**Task description**
Output exactly the lines from the one with "2.6.2024 https://t.co/Ppr6R70ddk" to the close of the records below, first and last included.

**Data for analysis**
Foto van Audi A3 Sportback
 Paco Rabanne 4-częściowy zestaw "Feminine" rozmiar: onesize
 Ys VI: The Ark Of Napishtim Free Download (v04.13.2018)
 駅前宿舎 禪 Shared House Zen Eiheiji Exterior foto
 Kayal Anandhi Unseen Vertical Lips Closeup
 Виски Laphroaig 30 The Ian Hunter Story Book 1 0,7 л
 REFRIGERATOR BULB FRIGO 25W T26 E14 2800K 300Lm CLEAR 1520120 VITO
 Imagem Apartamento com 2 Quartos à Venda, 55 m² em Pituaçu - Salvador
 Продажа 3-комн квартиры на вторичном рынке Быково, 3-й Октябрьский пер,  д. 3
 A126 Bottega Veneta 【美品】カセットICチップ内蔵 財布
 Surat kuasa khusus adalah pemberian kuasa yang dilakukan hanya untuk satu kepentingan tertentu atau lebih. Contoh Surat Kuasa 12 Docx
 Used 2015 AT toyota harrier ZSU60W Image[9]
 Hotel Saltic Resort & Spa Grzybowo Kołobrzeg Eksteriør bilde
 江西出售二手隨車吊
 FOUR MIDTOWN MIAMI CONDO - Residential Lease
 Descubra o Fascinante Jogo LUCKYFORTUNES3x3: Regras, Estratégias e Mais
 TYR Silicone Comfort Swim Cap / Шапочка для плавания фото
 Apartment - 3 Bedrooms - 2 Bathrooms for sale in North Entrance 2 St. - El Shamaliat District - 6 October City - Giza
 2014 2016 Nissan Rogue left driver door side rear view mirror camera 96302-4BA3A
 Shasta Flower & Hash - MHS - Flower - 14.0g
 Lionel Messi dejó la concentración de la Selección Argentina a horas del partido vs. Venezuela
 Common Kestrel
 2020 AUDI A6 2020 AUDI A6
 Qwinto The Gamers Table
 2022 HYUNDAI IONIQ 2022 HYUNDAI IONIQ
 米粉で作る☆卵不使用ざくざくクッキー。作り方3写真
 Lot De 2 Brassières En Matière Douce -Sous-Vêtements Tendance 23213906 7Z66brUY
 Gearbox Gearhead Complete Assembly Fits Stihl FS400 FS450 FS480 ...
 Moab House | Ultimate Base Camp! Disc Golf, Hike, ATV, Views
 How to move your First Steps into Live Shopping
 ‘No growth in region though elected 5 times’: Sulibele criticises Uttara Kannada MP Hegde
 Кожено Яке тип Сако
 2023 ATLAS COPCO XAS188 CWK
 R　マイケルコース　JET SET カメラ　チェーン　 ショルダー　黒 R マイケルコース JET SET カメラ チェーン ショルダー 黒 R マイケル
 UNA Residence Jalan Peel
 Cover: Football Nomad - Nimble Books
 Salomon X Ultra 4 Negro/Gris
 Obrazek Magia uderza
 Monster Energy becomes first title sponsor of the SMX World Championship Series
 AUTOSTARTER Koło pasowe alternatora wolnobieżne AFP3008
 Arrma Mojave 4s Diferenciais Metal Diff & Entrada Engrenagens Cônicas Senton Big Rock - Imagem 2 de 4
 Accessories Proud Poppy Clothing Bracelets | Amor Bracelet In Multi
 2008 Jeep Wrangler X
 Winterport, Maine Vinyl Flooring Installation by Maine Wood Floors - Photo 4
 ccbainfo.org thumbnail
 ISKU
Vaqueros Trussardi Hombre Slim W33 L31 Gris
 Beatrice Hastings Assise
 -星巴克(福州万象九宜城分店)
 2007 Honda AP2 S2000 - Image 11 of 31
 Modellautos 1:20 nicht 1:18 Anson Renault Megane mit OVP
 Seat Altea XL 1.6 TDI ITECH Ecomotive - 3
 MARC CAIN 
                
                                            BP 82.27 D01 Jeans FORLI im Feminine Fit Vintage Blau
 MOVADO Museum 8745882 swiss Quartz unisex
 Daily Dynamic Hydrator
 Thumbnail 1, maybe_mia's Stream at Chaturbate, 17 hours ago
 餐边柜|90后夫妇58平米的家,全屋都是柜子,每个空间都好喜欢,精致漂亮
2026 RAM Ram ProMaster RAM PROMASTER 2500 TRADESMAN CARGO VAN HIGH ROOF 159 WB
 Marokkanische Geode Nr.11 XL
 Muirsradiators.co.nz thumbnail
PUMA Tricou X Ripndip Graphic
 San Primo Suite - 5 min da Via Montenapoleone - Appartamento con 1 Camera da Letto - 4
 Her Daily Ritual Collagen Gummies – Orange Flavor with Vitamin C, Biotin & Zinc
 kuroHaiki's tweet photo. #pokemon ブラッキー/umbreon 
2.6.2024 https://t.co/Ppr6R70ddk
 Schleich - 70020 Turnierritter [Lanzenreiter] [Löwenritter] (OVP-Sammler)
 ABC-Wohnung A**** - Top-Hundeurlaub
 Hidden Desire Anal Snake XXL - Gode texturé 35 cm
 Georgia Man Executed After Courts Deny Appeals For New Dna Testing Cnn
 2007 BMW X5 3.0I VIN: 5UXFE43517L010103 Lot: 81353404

**Output of the exercise**
2.6.2024 https://t.co/Ppr6R70ddk
 Schleich - 70020 Turnierritter [Lanzenreiter] [Löwenritter] (OVP-Sammler)
 ABC-Wohnung A**** - Top-Hundeurlaub
 Hidden Desire Anal Snake XXL - Gode texturé 35 cm
 Georgia Man Executed After Courts Deny Appeals For New Dna Testing Cnn
 2007 BMW X5 3.0I VIN: 5UXFE43517L010103 Lot: 81353404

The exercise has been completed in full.